Li a liminar de Toffoli e agora discordo ainda mais de sua decisão sobre a EBC

  • Por Reinaldo Azevedo/Jovem Pan
  • 03/06/2016 12h02
Brasília - Jornalista Ricardo Melo toma posse no cargo de diretor-presidente da Empresa Brasil de Comunicação - EBC (Juca Varella/Agência Brasil) Juca Varella/Agência Brasil Jornalista Ricardo Melo toma posse no cargo de diretor-presidente da Empresa Brasil de Comunicação

Se você quiser ler a íntegra da decisão de Dias Toffoli, que concedeu liminar garantindo o retorno de Ricardo Melo à presidência da EBC, clique aqui. Como se sabe, ele havia sido demitido pelo presidente da República, mas foi reintegrado em resposta do ministro a um mandado de segurança. Dias antes de ser afastada, Dilma havia nomeado Melo para o comando da EBC.

Acho que Toffoli errou.

Não tenho tido razões para desconfiar da isenção do ministro em seus votos, mas é evidente que discordo dele nesse caso e já deixei claro por quê. Noto, inclusive, que um dos pontos a orientar o seu voto são as regras válidas para as agências reguladoras. Ocorre que a EBC é uma empresa pública, não uma agência. Aliás, fosse, seus dirigentes teriam de ser aprovados pelo Senado.
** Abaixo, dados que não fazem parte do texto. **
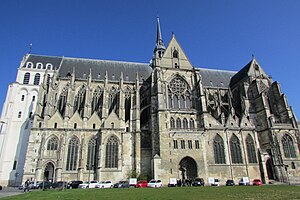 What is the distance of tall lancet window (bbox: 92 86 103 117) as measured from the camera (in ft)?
119

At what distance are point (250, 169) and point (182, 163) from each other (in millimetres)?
10372

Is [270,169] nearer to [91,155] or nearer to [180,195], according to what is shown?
[180,195]

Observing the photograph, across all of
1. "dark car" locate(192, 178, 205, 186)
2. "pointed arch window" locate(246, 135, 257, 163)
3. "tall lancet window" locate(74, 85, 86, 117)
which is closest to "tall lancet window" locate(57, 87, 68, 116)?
"tall lancet window" locate(74, 85, 86, 117)

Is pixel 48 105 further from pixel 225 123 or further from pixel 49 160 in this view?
pixel 225 123

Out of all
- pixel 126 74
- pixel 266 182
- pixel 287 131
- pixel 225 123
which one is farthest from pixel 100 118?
pixel 287 131

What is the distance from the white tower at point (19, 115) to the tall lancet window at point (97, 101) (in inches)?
355

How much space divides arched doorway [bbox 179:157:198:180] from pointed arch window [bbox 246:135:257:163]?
9078 millimetres

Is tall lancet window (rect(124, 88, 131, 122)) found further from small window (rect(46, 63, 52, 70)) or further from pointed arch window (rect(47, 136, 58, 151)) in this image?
small window (rect(46, 63, 52, 70))

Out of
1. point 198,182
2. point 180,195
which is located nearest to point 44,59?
point 198,182

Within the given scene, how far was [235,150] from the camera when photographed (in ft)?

Mais: como o ministro explica que um presidente possa NOMEAR — E NÃO APENAS INDICAR — alguém que não pode ser demitido?

Destaco aqui os dois pontos que me parecem especialmente frágeis na liminar concedida ao mandado de segurança impetrado por Melo. Leiam:

Ponto um
“Se é certo que a autonomia de gestão é um imperativo às agências reguladoras, não menos certo é que não lhe é atributo exclusivo. De igual modo, se é certo que as empresas públicas, como entidades de direito privado da Administração Indireta, são em regra constituídas por Diretoria demissível ad nutum, não menos exato é que a Administração Pública não possui engessamento normativo que lhe impeça de atribuir, por lei, certas características típicas de entes de direito público a entes de direito privado, quando condições particulares assim o justifiquem.”
(…)

Há aí, entendo eu, um erro importante, além da comparação indevida com agências reguladoras. Toffoli diz: em regra, as empresas como a EBC são comandadas por pessoas que podem ser demitidas “ad nutum” — isto é, por vontade de uma das partes. É verdade! Mas emenda ele: não é proibido que lei crie particularidades.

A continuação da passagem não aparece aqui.